Es normal, así, que afines al poder político presenten «encuestas patito» de empresas demoscópicas de dudosa procedencia si no es que ficticias para generar un efecto en la opinión pública. También muchos se preguntan si algunas de las casas encuestadoras importantes, que son más conocidas por la opinión pública, han «vendido su alma al diablo».
Las encuestadoras «grandes» a veces aciertan y a veces no. En 2006 tuvieron un desempeño bastante aceptable y en 2018, en general, también tuvieron un buen papel: el agregador Oráculus quedó muy cerca del resultado final. Pero no siempre lo hacen, y para muestra están las últimas dos elecciones del Estado de México.
El escepticismo y la duda crecen cuando hay una gran discrepancia con las distintas encuestas como hoy está ocurriendo en torno a la elección presidencial. Algunas, como Demotecnia y Parametría, colocan a Claudia Sheinbaum a decenas de ventaja de Xóchitl Gálvez. Demotecnia incluso se «atrevió» a darle una mayor intención de voto a Claudia que a AMLO en el 2018 (lo cual se ve muy inverosímil). Estas son propagadas con enjundia por los integrantes y voceros del régimen. Otras, como la de Reforma o El Financiero, muestran que Xóchitl es bastante competitiva.
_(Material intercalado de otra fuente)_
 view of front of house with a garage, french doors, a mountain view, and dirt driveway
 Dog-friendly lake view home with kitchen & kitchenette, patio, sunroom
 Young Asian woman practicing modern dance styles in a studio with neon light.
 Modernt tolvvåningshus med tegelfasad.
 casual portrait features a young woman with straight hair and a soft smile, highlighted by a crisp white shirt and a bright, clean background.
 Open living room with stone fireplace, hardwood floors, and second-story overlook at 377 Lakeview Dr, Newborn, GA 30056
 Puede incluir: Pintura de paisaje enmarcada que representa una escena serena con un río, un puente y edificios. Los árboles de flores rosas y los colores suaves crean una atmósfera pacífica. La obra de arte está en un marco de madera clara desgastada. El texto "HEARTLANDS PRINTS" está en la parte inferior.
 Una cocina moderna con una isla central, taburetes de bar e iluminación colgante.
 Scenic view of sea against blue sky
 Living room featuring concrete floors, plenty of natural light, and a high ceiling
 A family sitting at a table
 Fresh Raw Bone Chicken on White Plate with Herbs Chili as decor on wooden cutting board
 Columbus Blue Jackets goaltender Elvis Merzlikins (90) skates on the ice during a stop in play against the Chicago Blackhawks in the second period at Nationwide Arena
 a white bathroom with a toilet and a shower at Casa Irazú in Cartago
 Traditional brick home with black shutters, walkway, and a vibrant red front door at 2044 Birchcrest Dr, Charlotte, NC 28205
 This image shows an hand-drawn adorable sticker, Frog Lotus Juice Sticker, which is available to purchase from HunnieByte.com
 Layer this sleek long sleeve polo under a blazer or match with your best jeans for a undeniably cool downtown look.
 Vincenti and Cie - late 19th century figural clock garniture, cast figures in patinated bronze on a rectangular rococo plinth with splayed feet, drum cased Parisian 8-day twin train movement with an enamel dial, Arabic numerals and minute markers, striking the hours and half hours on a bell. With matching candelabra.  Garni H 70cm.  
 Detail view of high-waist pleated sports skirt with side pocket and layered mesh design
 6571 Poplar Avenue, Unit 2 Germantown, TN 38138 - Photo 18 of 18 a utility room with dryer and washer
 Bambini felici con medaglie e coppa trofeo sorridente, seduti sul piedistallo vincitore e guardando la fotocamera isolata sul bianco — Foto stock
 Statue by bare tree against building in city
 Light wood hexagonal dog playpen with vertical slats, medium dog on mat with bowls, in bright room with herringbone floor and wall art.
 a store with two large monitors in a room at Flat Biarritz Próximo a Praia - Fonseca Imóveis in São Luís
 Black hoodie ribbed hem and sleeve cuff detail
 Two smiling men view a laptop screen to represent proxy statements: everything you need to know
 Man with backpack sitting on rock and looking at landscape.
Si la discrepancia es muy amplia, es natural que surjan dudas sobre la ética de las casas encuestadoras. Si algunas discrepan fuertemente de otras, entonces algunas se están equivocando groseramente de tal forma que, o tienen una metodología demasiado deficiente, o bien, que, en efecto, la ética no forma parte del ejercicio demoscópico que están llevando a cabo.
El poder político, como decía, tiene incentivos para que las encuestas que llegan a la opinión pública les sean favorables. A su vez, las encuestadoras viven de su reputación. Si las encuestas fallan, entonces tendrán menos credibilidad en ejercicios posteriores. Un caso emblemático fue el de GEA-ISA, una encuestadora muy relevante en el 2012 que publicaba su encuesta diaria en el noticiario de Ciro Gómez-Leyva y que mostraba que Peña Nieto tenía una ventaja amplísima sobre sus contendientes. Nadie lo creyó, incluso la gente bromeaba sobre el asunto y, en efecto, aunque Peña Nieto fue el candidato vencedor en el 2012, lo hizo por un margen bastante menor al predicho por GEA-ISA al punto en que el propio Gómez-Leyva reconoció que la encuesta falló.
Y, al día de hoy, ese hecho le sigue cobrando factura a GEA-ISA.
De aquí se deduce que el poder político tienen más incentivos para hacer que las «encuestas sean torcidas» que las propias casas encuestadoras que deben cuidar su reputación. Dicho esto, el poder político le debe dar a la casa encuestadora algún beneficio que supere al perjuicio que la casa encuestadora pueda llegar a tener si dentro de la opinión pública se crea un consenso de que esa casa encuestadora se vendió.
Pero, aunque la encuestadora tenga un profundo sentido de la ética, puede llegar a equivocarse y que la gente piense que se ha vendido cuando no es así, sobre todo partiendo del hecho de que la gente no tiene conocimiento de estadística, no sabe cómo operan las encuestadoras ni cómo son sus metodologías. Para ellos, si su resultado (que no es tanto un pronóstico sino una «foto del momento») discrepa del resultado final, entonces «se vendieron». ¿Puede ocurrir así? Claro, pero no siempre.
Con todos estos asegunes, las encuestas van a estar ahí, la gente las va a tomar en cuenta aunque guarde cierto escepticismo hacia ellas. Será el día o pocos días después de la elección cuando se anuncie a la candidata ganadora cuando se haga el corte de caja y sepamos quienes fallaron.